The following blog post was written for and published on the Food As Medicine Institute (FAMI) blog.
Everyone knows that we are in pumpkin season right now. If you weren’t aware, it’s about time to get your head out of the gutter. Actually, since those gutters are probably full of fallen autumn leaves, you may want to get back to work. I digress…
Did you know that pumpkins are part of the Cucurbitaceae family which include melons, cucumbers, gourds, and squashes? That’s right: pumpkins are related to cucumbers! Neat, right? As a cucurbitacin, pumpkins are high in phytonutrients that will help keep you healthy and well throughout the fall season. But that means you have to eat them, not just take pictures of an orchard or create jack-o’-lanterns with your kids. Sadly, that just won’t cut it.

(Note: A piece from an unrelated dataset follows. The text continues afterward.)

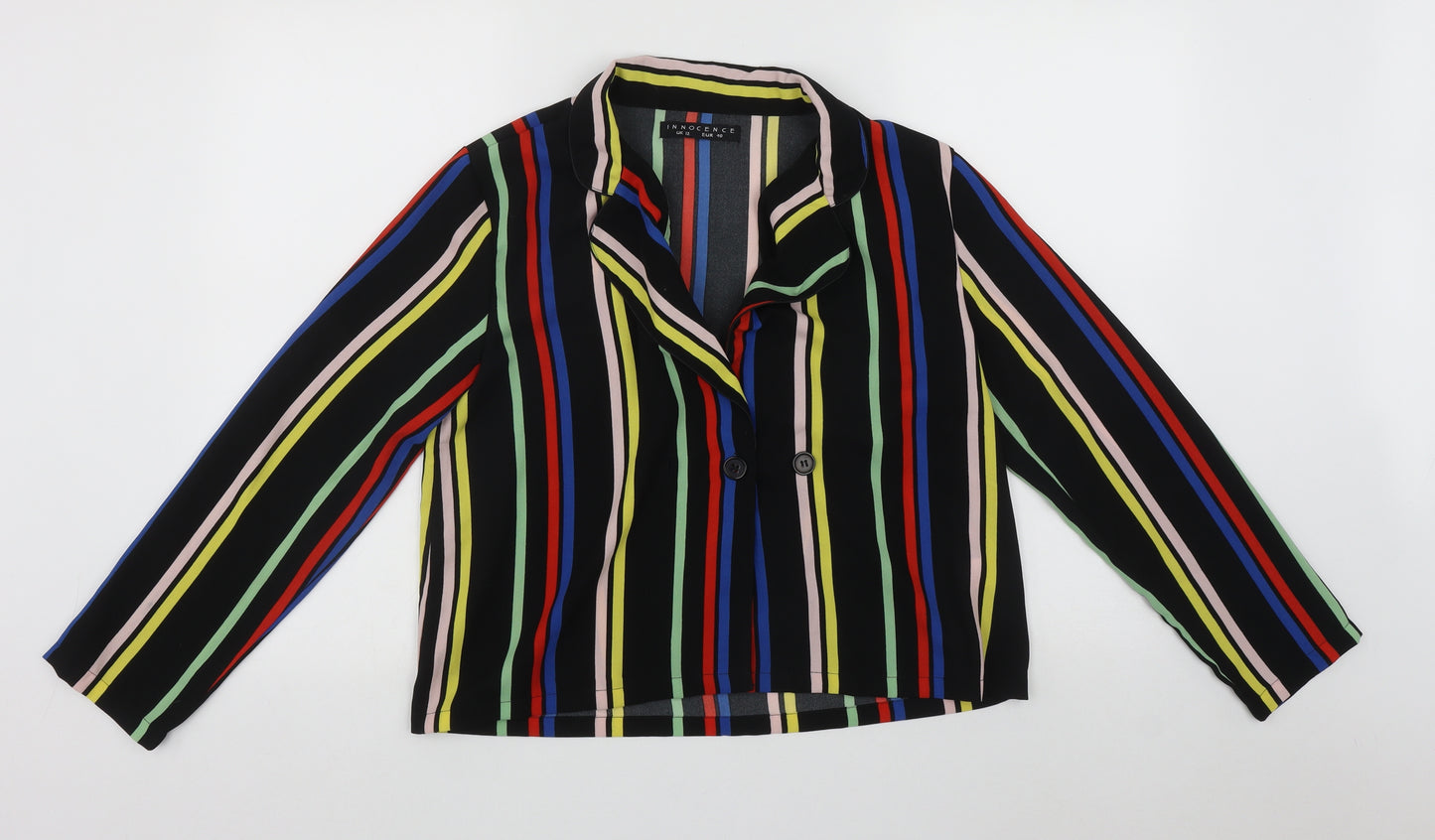 INNOCENCE Womens Multicoloured Striped  Jacket  Size 12  Button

Healthy because its orange.
The more colorful the food, the better they are for you. If only it were that simple. Well, actually, it often is, with several exceptions of course. Don’t toss out that cauliflower or onion just yet!
The orange hue of the pumpkins’ skin and flesh is due to specific phytonutrients, chemicals found in plant foods. The phytonutrient category that lends the orange color to pumpkins are carotenoids which include specific chemicals you may or may not have heard of such as beta carotene, alpha carotene, lutein, lycopene, and others. Is there another vegetable that you can think of that is orange and might have carotenoids in it?
But how are pumpkins healthy?
Due to the nutrient profile of pumpkins, this winter squash variety, like most winter squash varieties, is an anti-inflammatory and even an anti-cancer food. While most of the studies on winter squash’s benefits for health have been conducted on laboratory animals, there have been numerous studies on the various nutrients in pumpkin that support the claims made here.
One of the many benefits that the beta carotene nutrient in pumpkin provides for our bodies is reducing organ damage brought on by oxidative stress in the body. What causes oxidative stress? A poor diet, smoking, drug use, and environmental pollutants are among the sources. And what does oxidative stress lead to if left unchecked? Disease and possibly cancer.
Some studies show that adequate or higher levels of carotenoids may result in a reduced risk of pancreatic cancer and a reduced risk of breast cancer for women. And there is adequate research to show that the nutrients found in pumpkin have been shown to improve blood sugar regulation and possibly improve cardiovascular health. Even iron deficiency anemia may be prevented or treated with Vitamin A supplementation and pumpkin has plenty of Vitamin A.
So what are you waiting for? Start pump(kin)ing up your health today!
Health properties (not every micronutrient is included)
Based on 1 cup:
Calories: approx. 50
Rich in: Vitamin A
Good source of: B2 (Riboflavin), Vitamin C, Vitamin E, Copper, Iron,
Decent source of: Manganese, Phosphorus, and Potassium.
Bonus: Pumpkin has minimal amounts (but amounts nonetheless!) of all of the essential amino acids.
The pumpkin oatmeal recipe that I wrote up for this blog post can be found on the FAMI blog. 🙂
Enjoy your health!
- Jansen RJ, Robinson DP, Stolzenberg-solomon RZ, et al. Nutrients from fruit and vegetable consumption reduce the risk of pancreatic cancer. J Gastrointest Cancer. 2013;44(2):152-61.
- Esrefoglu M, Akinci A, Taslidere E, Elbe H, Cetin A, Ates B. Ascorbic acid and beta-carotene reduce stress-induced oxidative organ damage in rats. Biotech Histochem. 2016;91(7):455-464.
- Jayaprakasam B, Seeram NP, Nair MG. Anticancer and antiinflammatory activities of cucurbitacins from Cucurbita andreana. Cancer Lett. 2003;189(1):11-6.
- Eliassen AH, Hendrickson SJ, Brinton LA, et al. Circulating carotenoids and risk of breast cancer: pooled analysis of eight prospective studies. J Natl Cancer Inst. 2012;104(24):1905-16.
- Semba RD, Bloem MW. The anemia of vitamin A deficiency: epidemiology and pathogenesis. Eur J Clin Nutr. 2002;56(4):271-281.